A second proposal without any detail, a so-called “spot bill” (SB 1054), has been proposed by Sen. Fran Pavley. Even though there is no meat to the proposal yet, Zierman said he expected Pavley’s bill to be “a lot more aggressive” than AB 591.

As outlined on Pavley’s website, Fracking Notification bill would require advance notice of fracking to owners/occupants of properties adjacent to, or in the vicinity of, oil/gas wells. “Hydraulic fracturing is a controversial and potentially risky drilling technique,” according to Pavley’s website, which lists as the bill’s sponsor the Environmental Working Group.
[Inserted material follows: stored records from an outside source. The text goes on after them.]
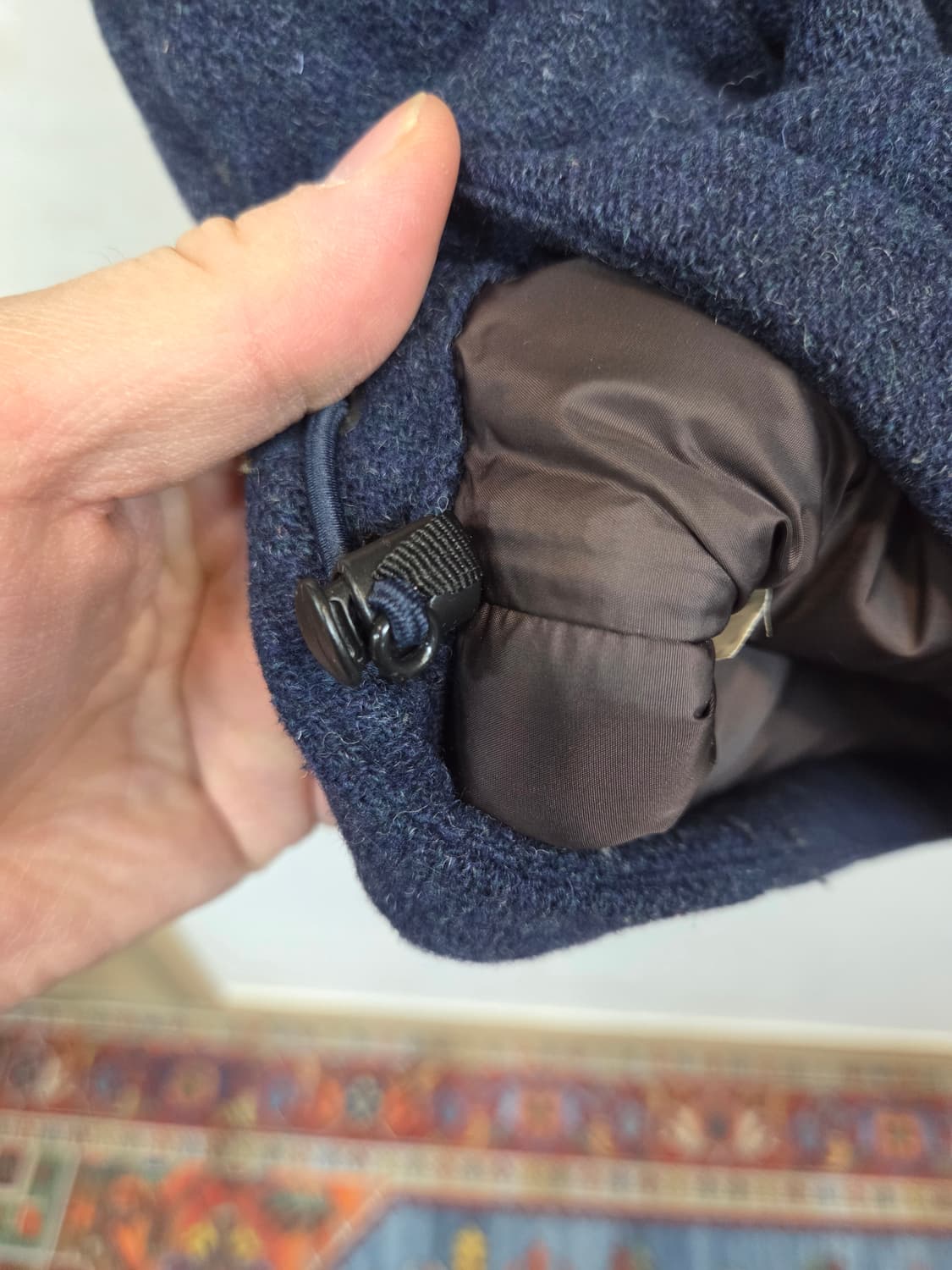 노스페이스 화이트라벨 헤링본 울 구스다운 패딩조끼 m 상품이미지5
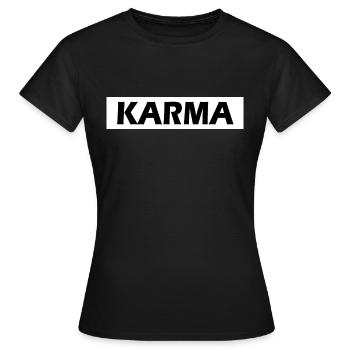 Karma - T-shirt Femme - noir - Devant - AI Model Female 172 dark (172cm)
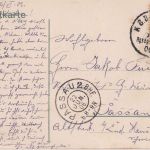 Bayern - Regensburg Passau 4 Bahnpost-K1 AK München (Osterhofen) - Passau 1906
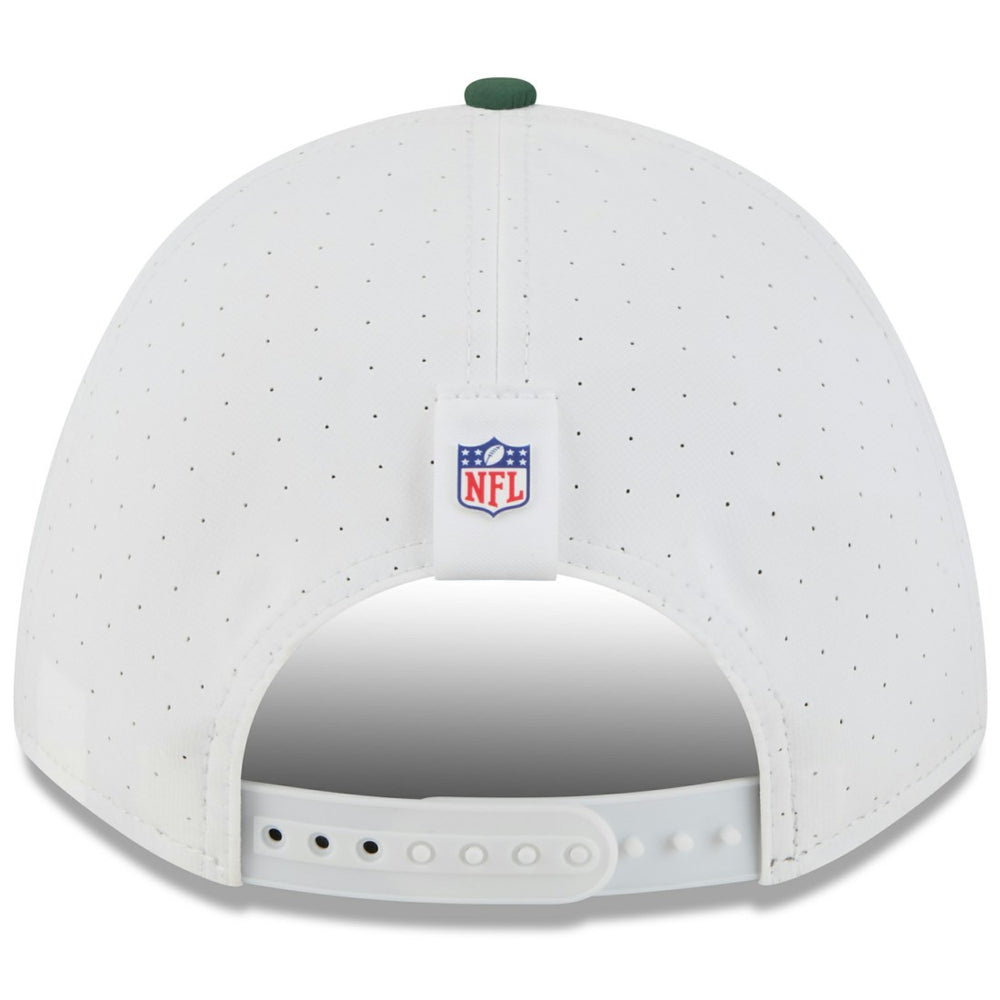 Green Bay Packers New Era Youth 2025 NFL Training Camp A-Frame 9FORTY Adjustable Hat White/Green - NFL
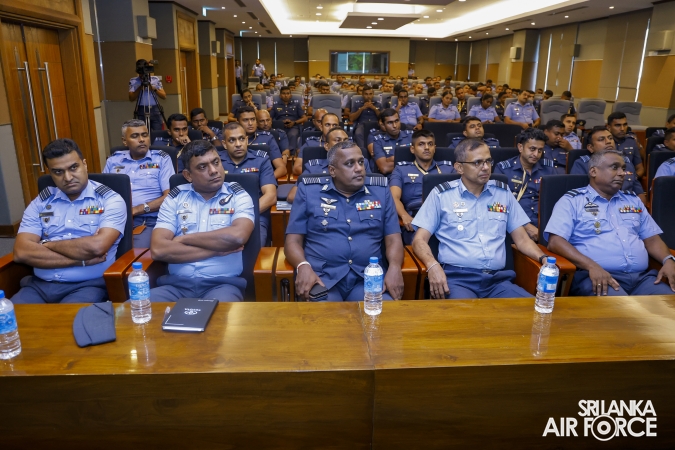 TRAINING OF TRAINERS SESSION ON “CLEAN SRI LANKA” INITIATIVE CONDUCTED AT SLAF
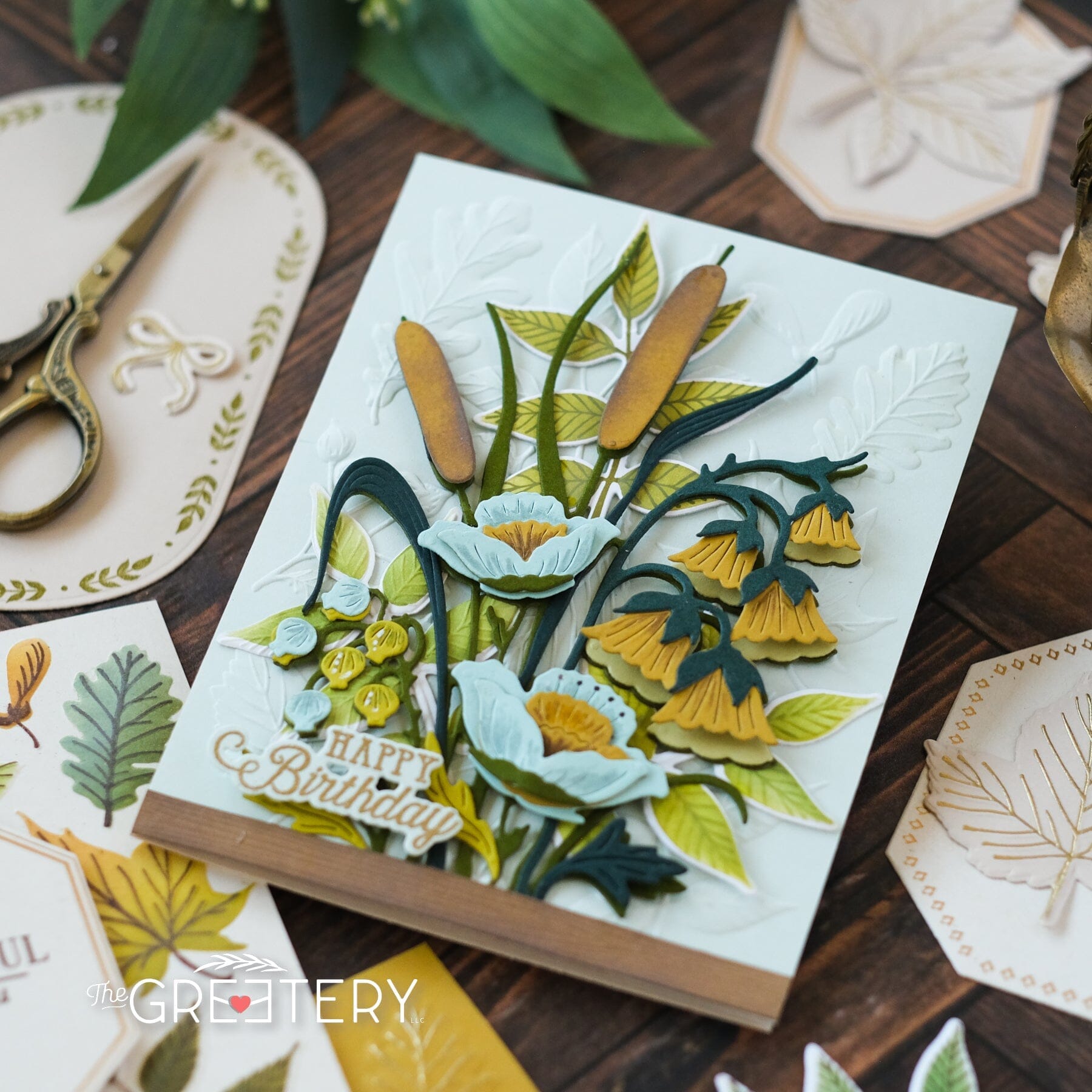Autumn Herbarium Embossing Folder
Nationally there are 11 states with fracking disclosure rules, seven of which require some chemical concentration disclosures as well as the chemical names: Arkansas, Colorado, Louisiana, Michigan, Montana, New Mexico, North Dakota, Ohio, Pennsylvania, Texas and Wyoming. California and four other states (Idaho, Nebraska, New York and West Virginia) are in the process of developing fracking rules, according to a recent analysis by the law firm of Vinson & Elkins LLP.

State websites and/or the nonprofit industry site FracFocus.org are the means for implementing the disclosures in the states with requirements now in place or soon to begin. The timing requirements vary from before fracking begins to within 20-60 days of the fracking being completed, according to Vinson & Elkins.